Aimée Bender, La Singulière tristesse du gâteau au citron

... aux éditions de l’Olivier. Très étrange roman, surprenant, où « dans l’un des nombreux centres-ville de Los Angeles », un quartier résidentiel agréable et verdoyant quoique enserré entre diverses autoroutes, vit une famille américaine apparemment normale : le père, Paul Edelstein, avocat, la mère, au foyer, Lane, et les deux enfants, Joseph et Rose, Rosie lorsqu’elle est petite. Famille apparemment normale, mais de plus en plus, comment dire ? mécanique et fantomatique au fur et à mesure que le temps passe. C’est que Joseph, enfant brillant, lointain, passionné d’astronomie et de physique, devient chaque jour plus insaisissable, plus absent au sens le plus physique du terme. Mais surtout que Rosie a eu depuis les premières pages du roman, à l’âge de 9 ans, une sorte de révélation : elle peut sentir, jusqu’à la terreur ou à la nausée, à travers les aliments qu’elle consomme, outre leur origine la plus précise, l’humeur de ceux qui les ont confectionnés. La mélancolie et le sentiment d’étouffement de sa mère, par exemple, qui va au cours des années suivantes se vouer à l’apprentissage de l’ébénisterie et à la confection de meubles. Il y a encore la grand-mère maternelle, la seule survivante des quatre ascendants. Elle habite au nord de l’état de Washington, ne se déplace jamais pour aller rendre visite aux siens, auxquels elle adresse de plus en plus fréquemment des colis remplis d’objets hétéroclites, inutiles, une tasse ébréchée, un vieux torchon orné d’un motif de roses aux couleurs réversibles destiné à Rosie qui s’en éprend incontinent, comme Joseph s’éprendra plus tard des chaises pliantes d’aluminium gris Morehead assorties à une table de jeu, qu’il emportera dans sa chambre d’étudiant.

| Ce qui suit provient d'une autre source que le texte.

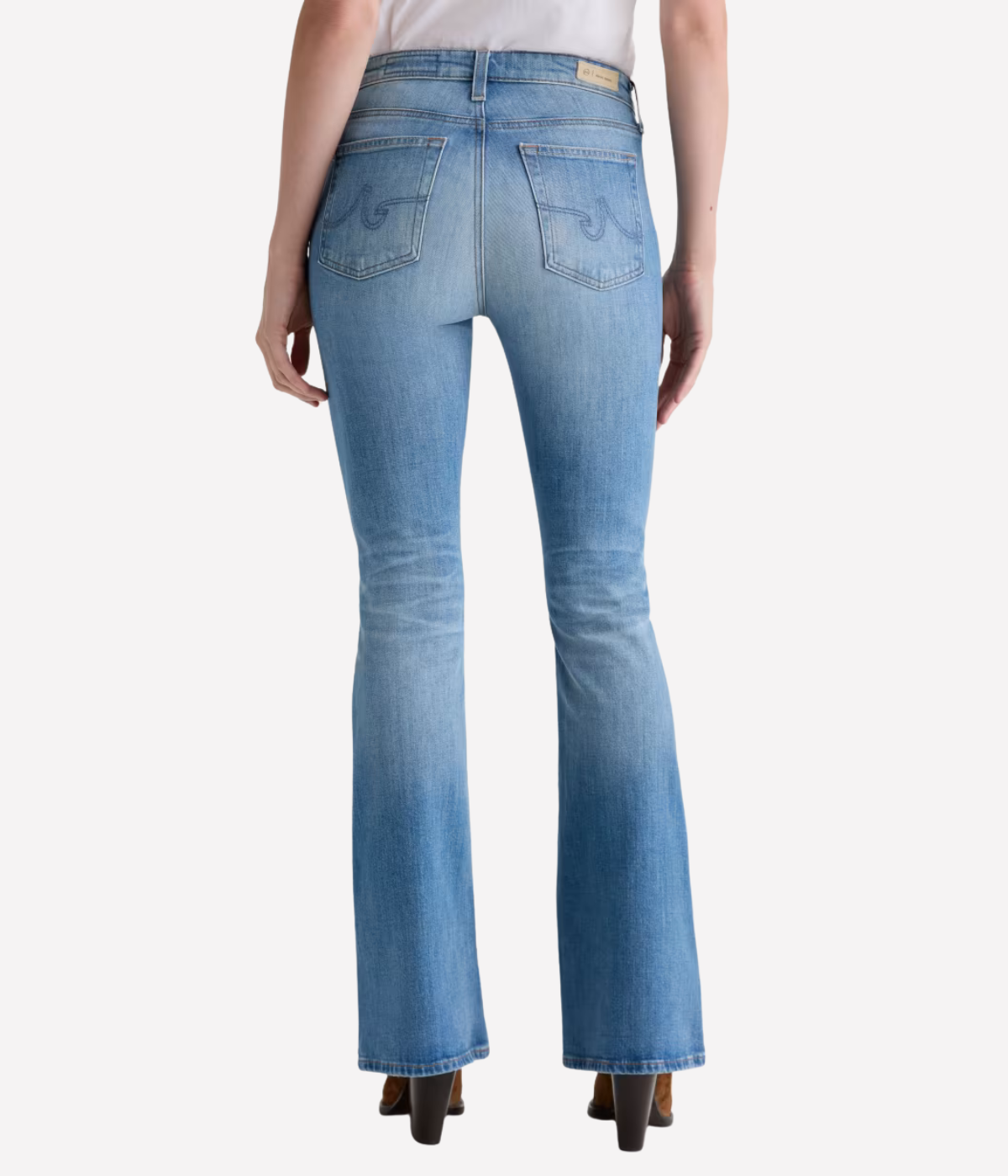 Farrah Boot Jean in 18 Years Bisou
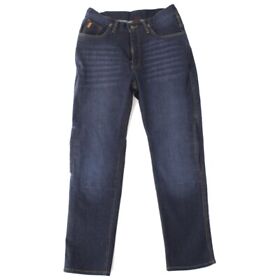 2021-0042 Joe Rocket Anthem Jeans 42 Blue Denim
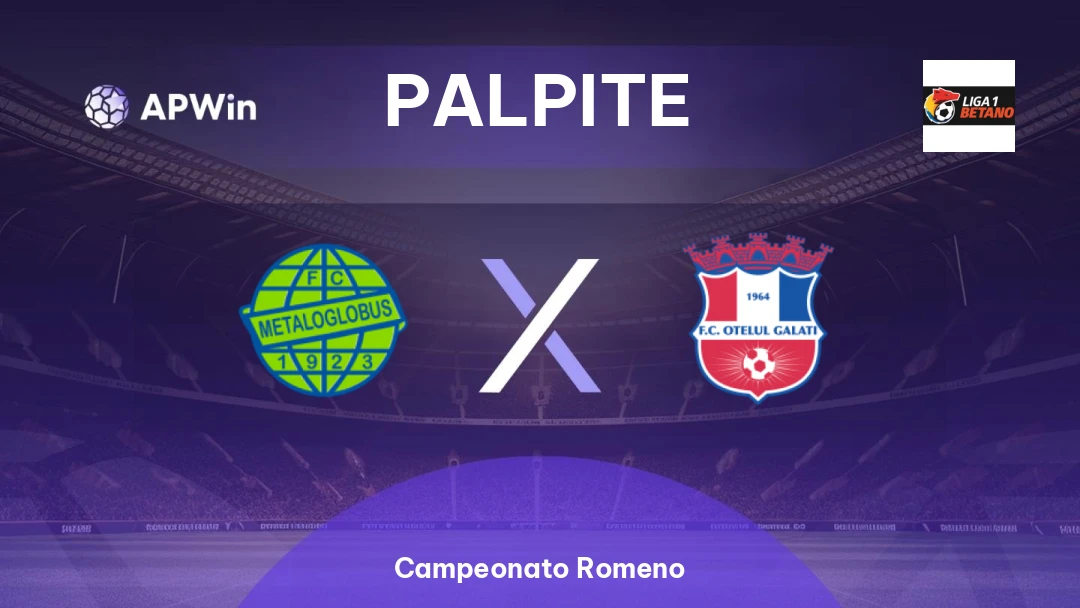 Metaloglobus x Otelul Galati Thumbnail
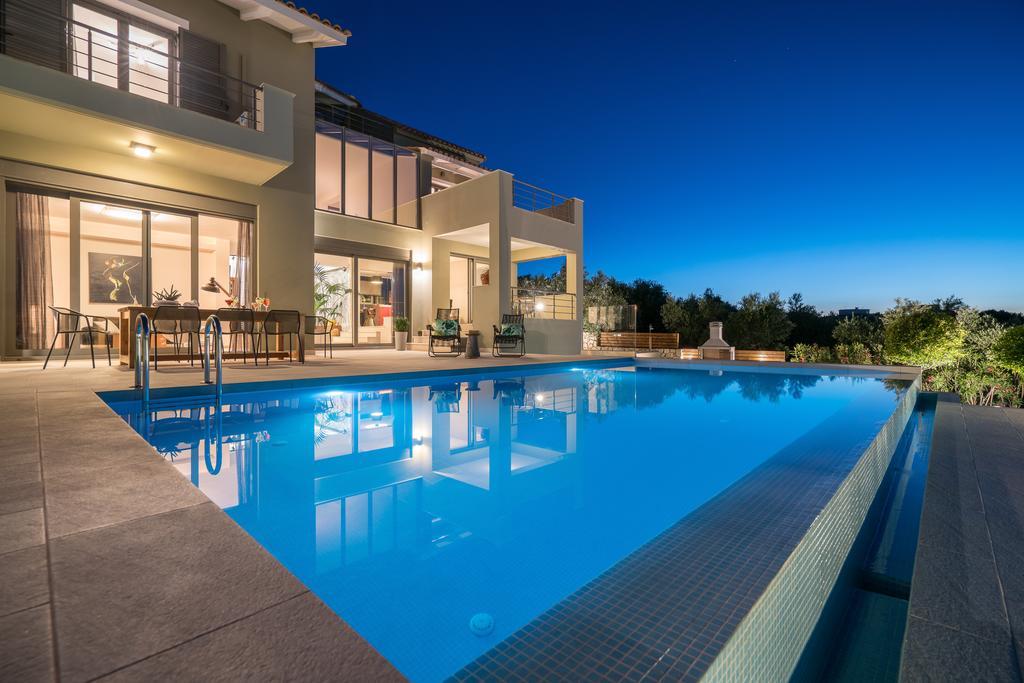 Akemi Luxury Villa Tsilivi  Zewnętrze zdjęcie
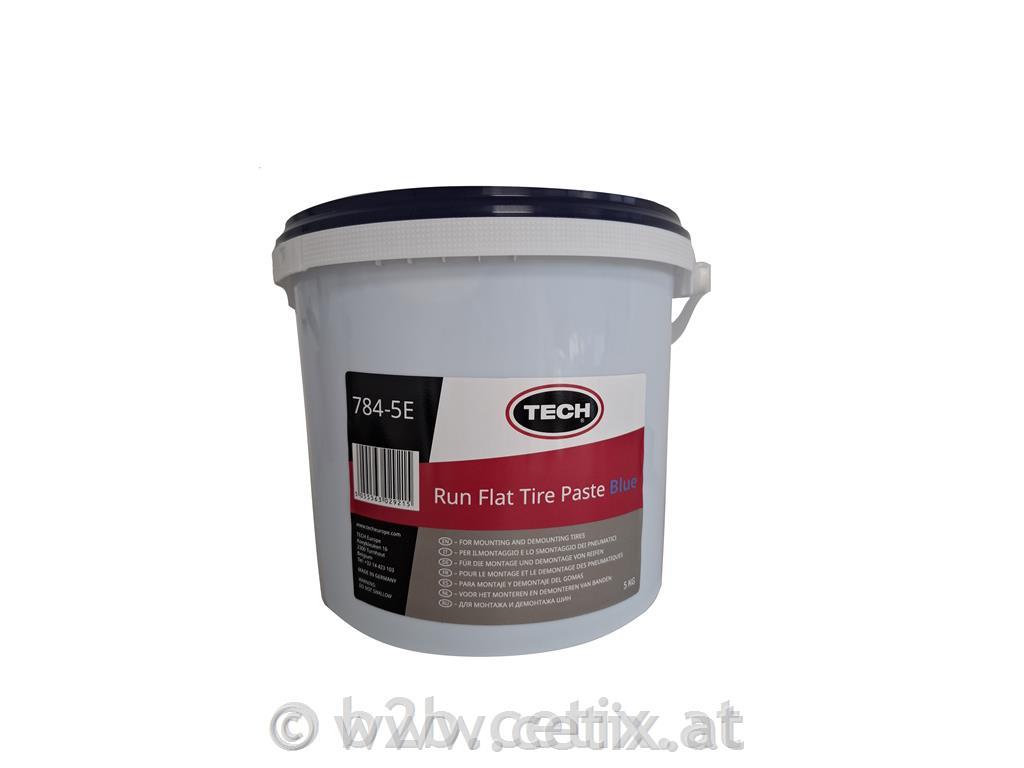 HOFMANN - Montagepaste - Blau (5kg)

L’histoire est contée à travers le regard de Rosie, qui en grandissant comprend de plus en plus de choses. Que chacun a un don, par exemple, dans sa famille. Un don dont on comprend bien qu’il est aussi un héritage, bien difficile à saisir, et encore plus à affronter. Certains y parviennent, d’autres non. Cela donne une étrange histoire de monde perçu à travers la cuisine et les saveurs, assorti d’un éloge paradoxal de l’insipidité de la nourriture industrielle aussi bien que de la cuisine savoureuse d’un couple de Lyonnais expatriés à L.A. Roman construit et conté avec talent, traduit avec fluidité à une ou deux réserves près, dont les personnages, dans leur perplexité si humaine, sont très attachants. Je l’ai, quant à moi, lu d’un trait, avec surprise et curiosité.

Commentaires

1. Le samedi, août 17 2013, 19:54 par S. Brice

En effet ça a l'air ... spécial! :)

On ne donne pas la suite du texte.